In this article, we present an overview of the VCF and briefly 
introduce the companion VCFtools software package. A detailed 
format specification and the complete documentation of VCFtools 
are available at the VCFtools web site. 

2 METHODS 

2.1 The VCF 

2.1.1 Overview of the VCF A VCF file (Fig. la) consists of a header 
section and a data section. The header contains an arbitrary number of meta- 
information lines, each starting with characters '##' , and a TAB delimited 
field definition line, starting with a single '#' character. The meta-information 
header lines provide a standardized description of tags and annotations used 
in the data section. The use of meta-information allows the information 
stored within a VCF file to be tailored to the dataset in question. It can 
be also used to provide information about the means of file creation, date 
of creation, version of the reference sequence, software used and any other 
information relevant to the history of the file. The field definition line names 
eight mandatory columns, corresponding to data columns representing the 
chromosome (CHROM), a 1-based position of the start of the variant (POS), 
unique identifiers of the variant (ID), the reference allele (REF), a comma 
separated list of alternate non-reference alleles (ALT), a phred-scaled quality 
score (QUAL), site filtering information (FILTER) and a semicolon separated 
list of additional, user extensible annotation (INFO).

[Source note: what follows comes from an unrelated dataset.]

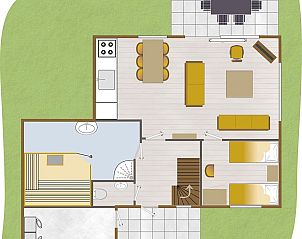 Plattegrond begane grond van Boshuus Wellness vakantiehuis in Deurningen, Twente.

In addition, if samples 
are present in the file, the mandatory header columns are followed by a 
FORMAT column and an arbitrary number of sample IDs that define the 
samples included in the VCF file. The FORMAT column is used to define 
the information contained within each subsequent genotype column, which 
consists of a colon separated list of fields. For example, the FORMAT field 
GT:GQ:DP in the fourth data entry of Figure la indicates that the subsequent 
entries contain information regarding the genotype, genotype quality and 
read depth for each sample. All data lines are TAB delimited and the number 
of fields in each data line must match the number of fields in the header line. 
It is strongly recommended that all annotation tags used are declared in the 
VCF header section.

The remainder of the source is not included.